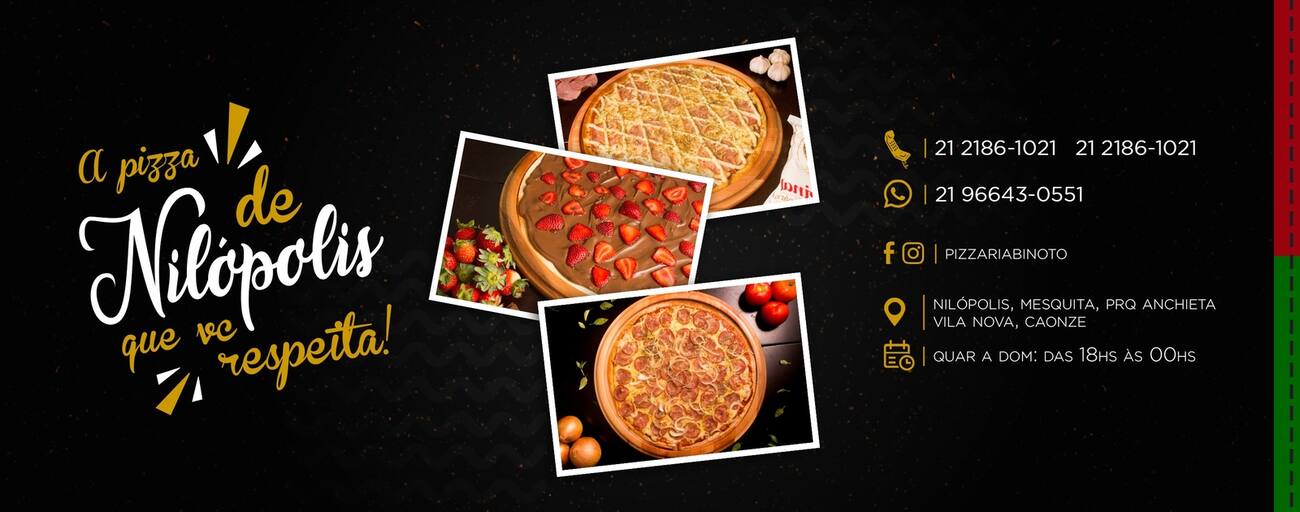 Pizzaria Binoto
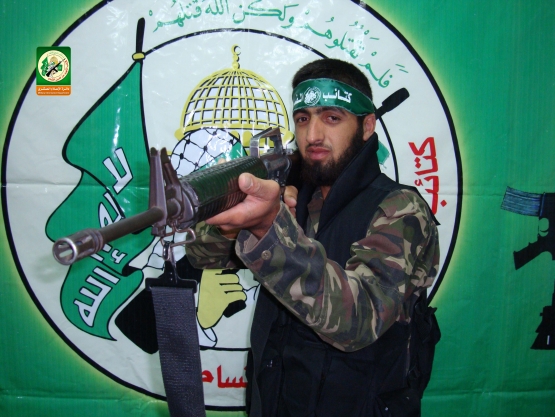 الشهيد القسامي / رفعت نبيل عويضة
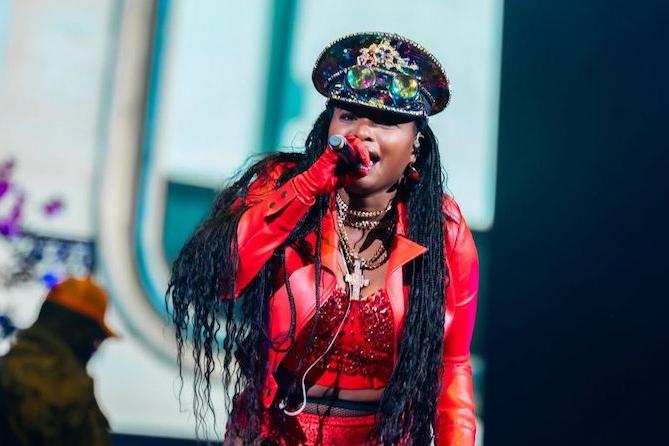 Anie Alerte et Zile en concert le 3 juin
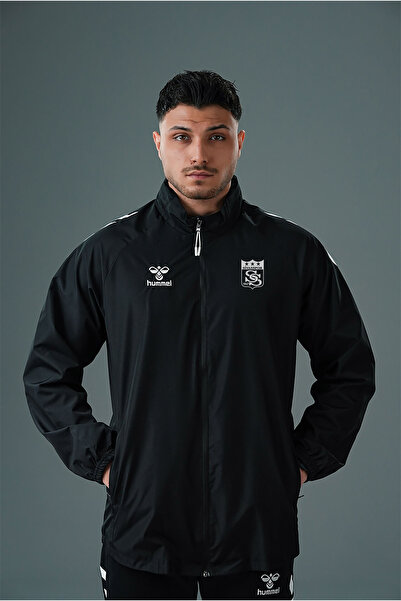 hummel Line Sivasspor Raincoat Black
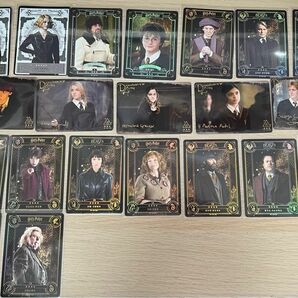 ハリーポッター Harry Potterトレーディングカード 44枚+ 普通 50枚　中国限定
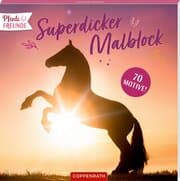 Cover von Superdicker Malblock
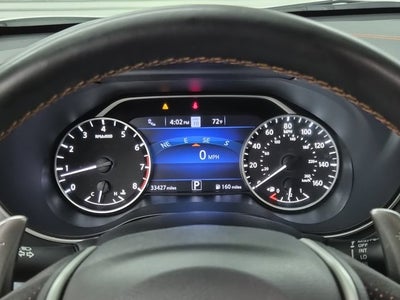 2023 Nissan Maxima SR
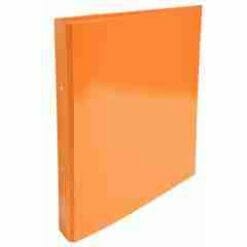 Exacompta iderama ringband, voor ft a4, 2 x 30 mm ringen, oranje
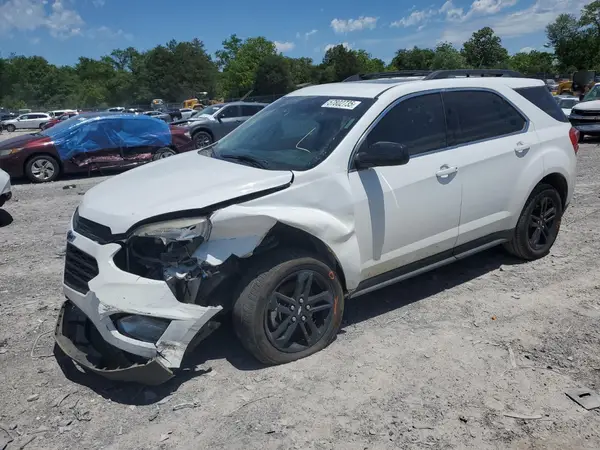 2GNALCEK2H6155988 2017 CHEVROLET EQUINOX - Image 1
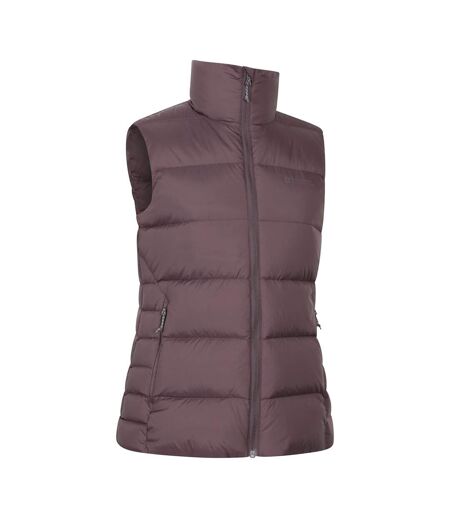 Veste Sans Manches Stratus Femme Violet Mountain Warehouse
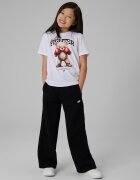 4F Tricou regular cu imprimeu pentru fete - 134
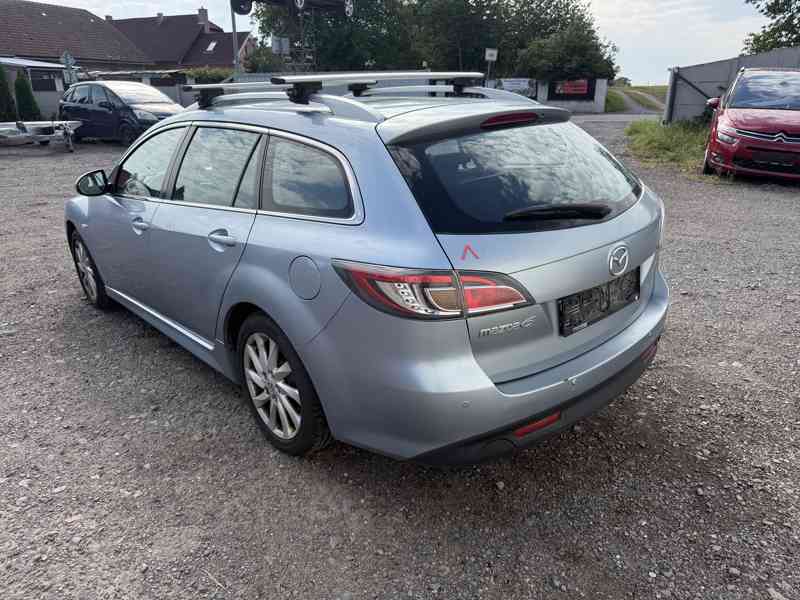 Mazda 6 2,2D 95KW R2 r.2012 prodám náhradní díly - foto 4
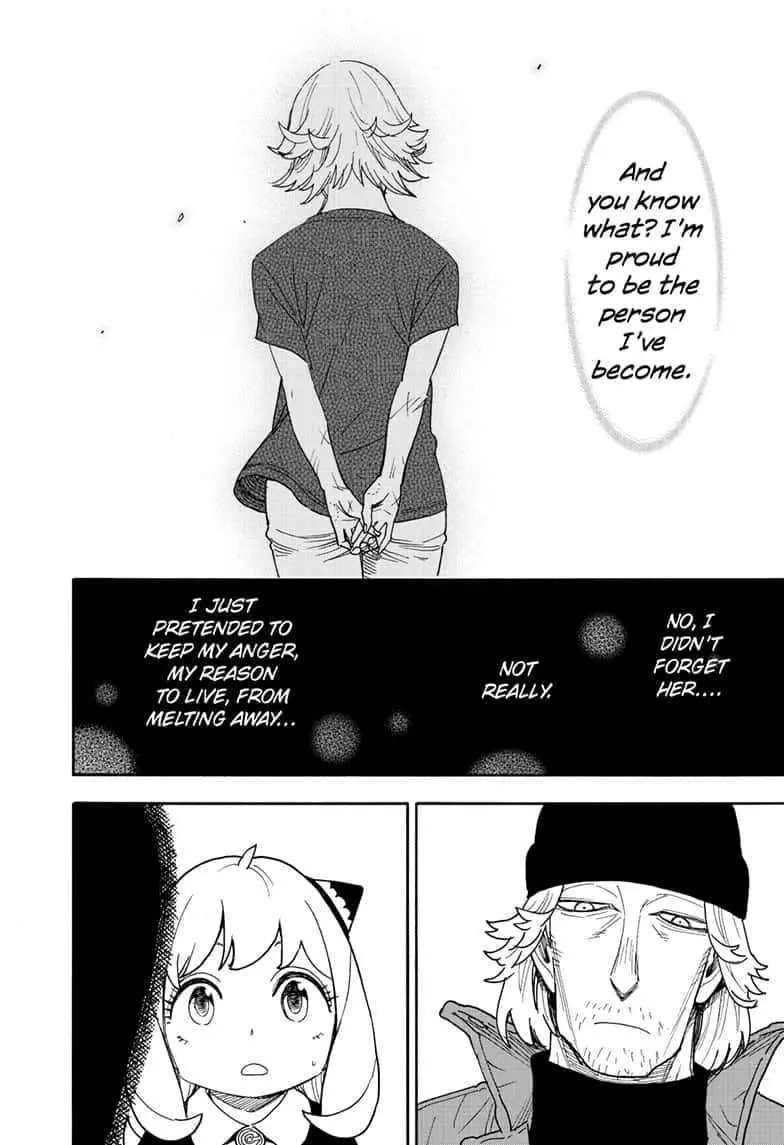 Spy×Family Chapter 74 page 14 -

_ _ _ _ _ _ _

"2GNALCEK2H6155988 2017 CHEVROLET" marks the first line to copy; copy that line and every line after it through the last line of the listing, exactly and without pictures.

▶ Solution to this exercise
 2GNALCEK2H6155988 2017 CHEVROLET EQUINOX - Image 1
 Veste Sans Manches Stratus Femme Violet Mountain Warehouse
 4F Tricou regular cu imprimeu pentru fete - 134
 Mazda 6 2,2D 95KW R2 r.2012 prodám náhradní díly - foto 4
 Spy×Family Chapter 74 page 14 -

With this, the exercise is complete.